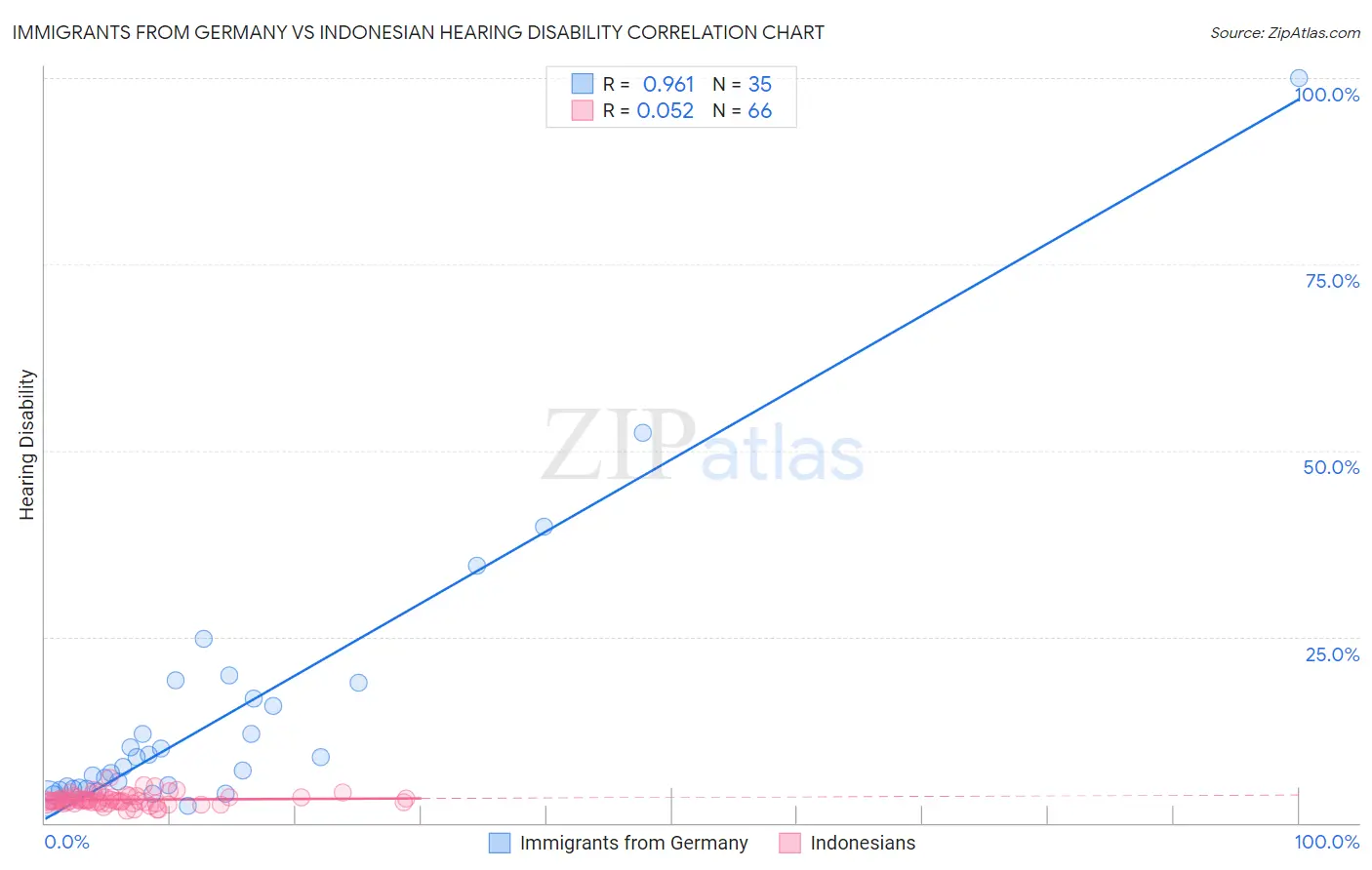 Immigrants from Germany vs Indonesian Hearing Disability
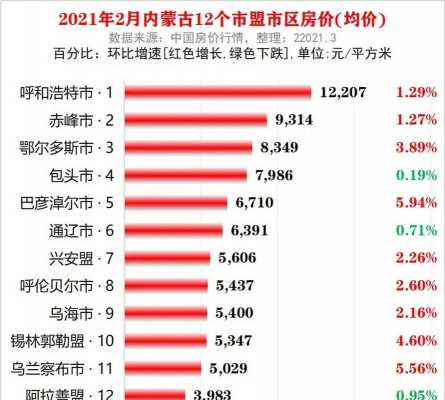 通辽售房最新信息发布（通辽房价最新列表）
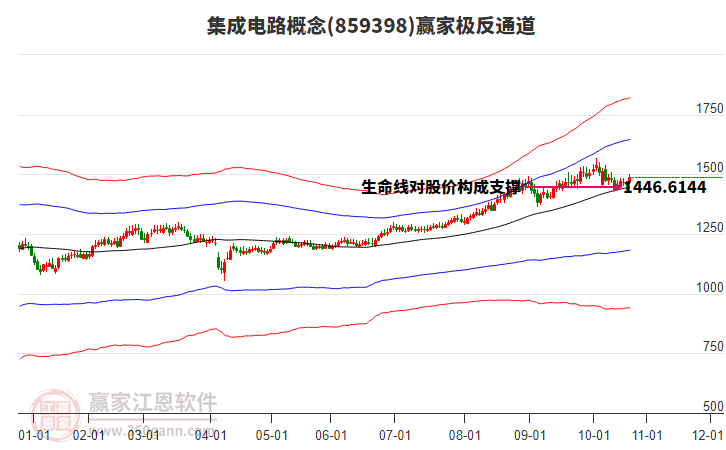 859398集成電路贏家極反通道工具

____________

## Assigned task
Return the material verbatim; the images are not to appear in the copy.

## Exercise response
 Immigrants from Germany vs Indonesian Hearing Disability
 通辽售房最新信息发布（通辽房价最新列表）
 859398集成電路贏家極反通道工具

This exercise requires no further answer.